He will NEVER EVER try Boobie and Sasha together. For the life of me I can't figure out why


----------



## TheGodfather

i don't understand what Bron is waiting for...he needs to step up now.


----------



## Pioneer10

I hope that wasn't the dagger: went from up 4 to down 1 awfully quick there


----------



## Larry Hughes for Retirement

Oh dear... Wallace heating up... keep me updated... stupid yahoo game channel being behind


----------



## Pioneer10

What was Hughes doing there? Ugghh


----------



## Larry Hughes for Retirement

Z and Hughes in? ...dear lord


----------



## Pioneer10

What is Hughes ****ing doing?


----------



## TheGodfather

its excruciating to watch cavs go up double digit in the 1st 2 quarters and by the looks of it fizzles out the next two...


----------



## Pioneer10

Why did he bring these two of all people in?

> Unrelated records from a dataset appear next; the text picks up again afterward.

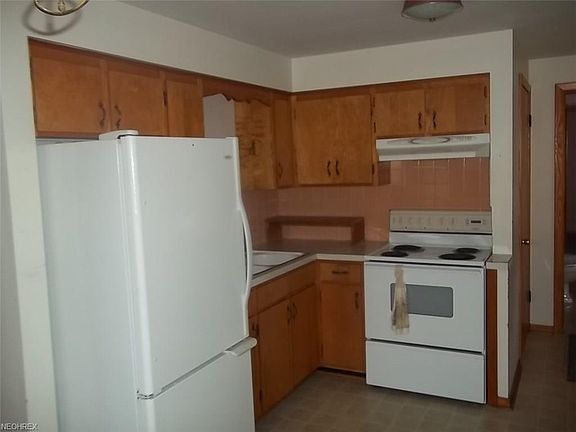 5th image of 837 Barclay Ave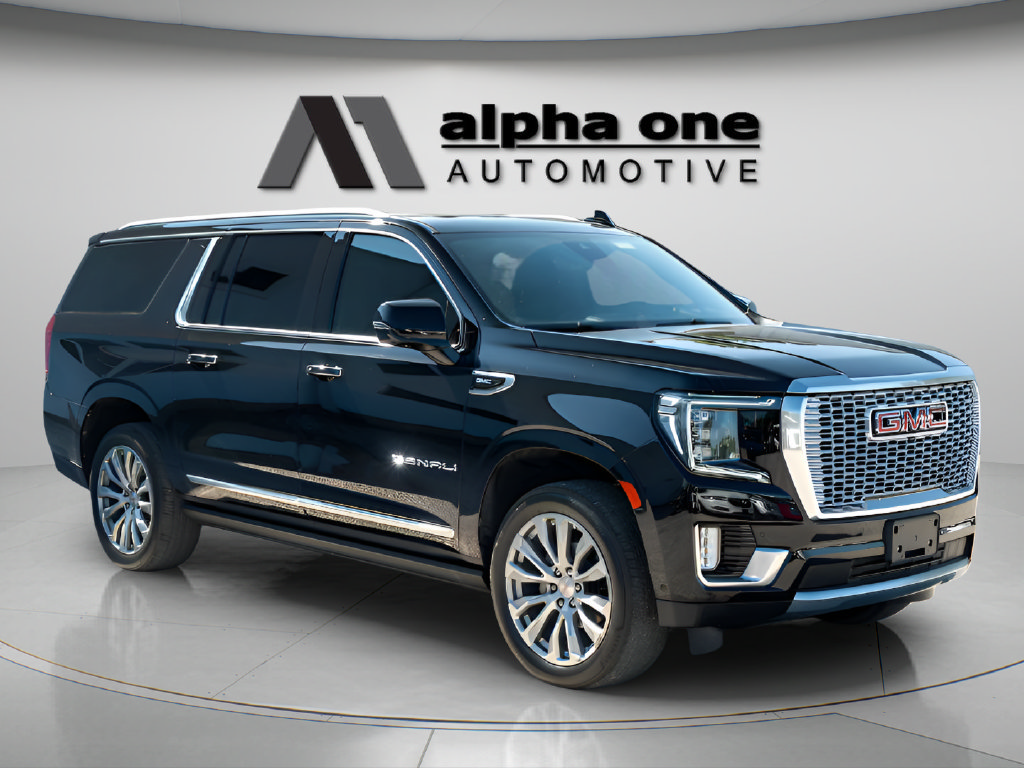 Used 2024 GMC Yukon XL Denali w/ Denali Reserve Package RWD image 3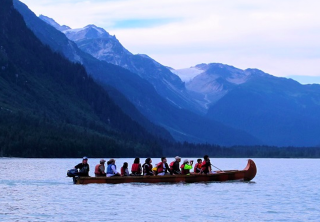 Photo of haines chilkoot canoe wildlife safari exploring Chilkoot lake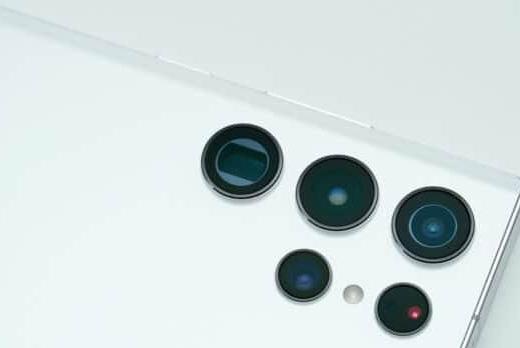 三星|三星S22Ultra评测：内置Spen，搭载1亿像素摄像头、骁龙8处理器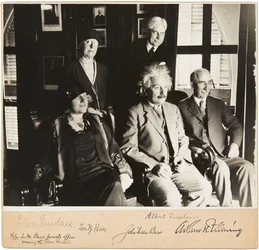 Albert og Elsa Einstein, John og Lora Baer og Arthur H. Fleming, Pasadena, 1. januar 1931, 1931.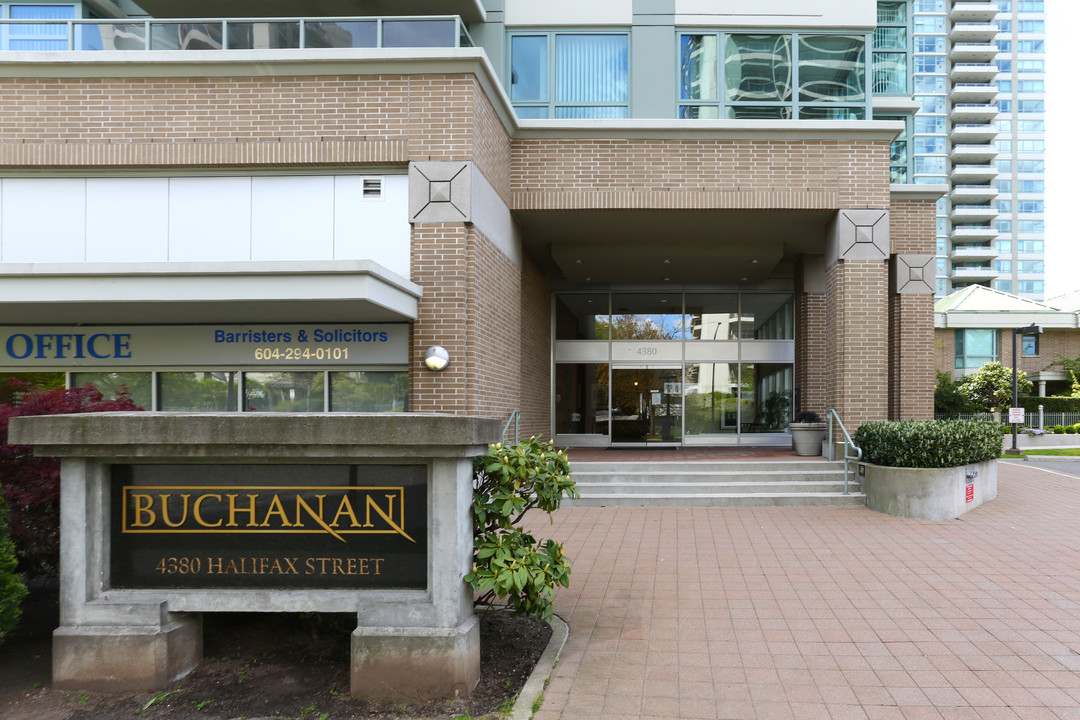 Madison Centre - Buchanan North in Burnaby, BC - Building Photo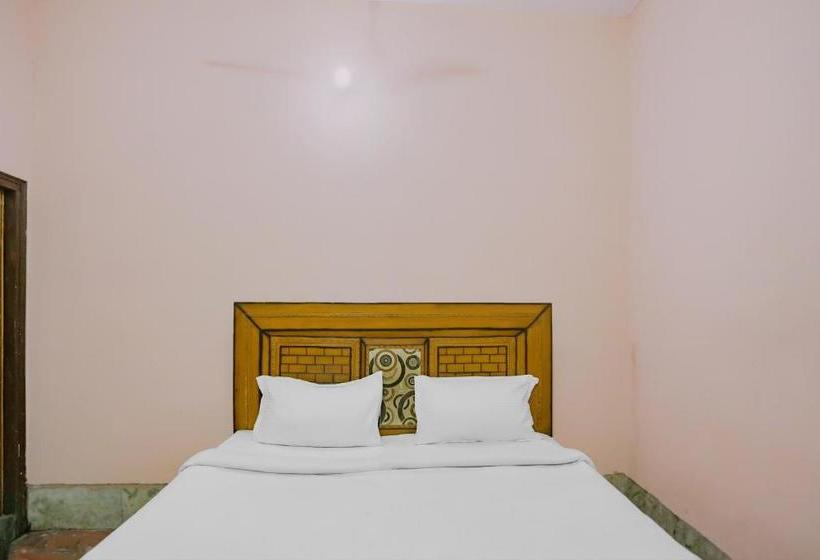 בית מלון כפרי Spot On 78690 Meet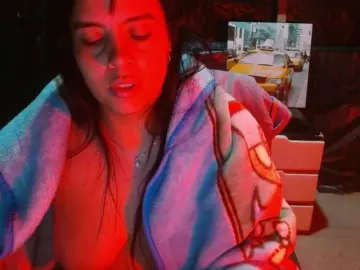 Megan-foxyx1  live sex cam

Z and Hguehs havent' down squat today


----------



## Pioneer10

Why is Boobie out of the game? What is this coach doing?


----------



## TheGodfather

ol i can say is *no masked cursing please*...whats going on with the Cavs...


----------



## Benedict_Boozer

Cavs falling apart.


----------



## futuristxen

sigh...Mike Brown is using up all our timeouts.
We're going to lose this game now.


----------



## TheGodfather

put the 3pt shooters in the game so that the lane will open up for Bron.

Bron
Marshall
Boobie
Djones/Sasha
Andy


----------



## Benedict_Boozer

I don't like the look of this. Brown went back to Hughes which means the lanes are gonna be closed for LBJ.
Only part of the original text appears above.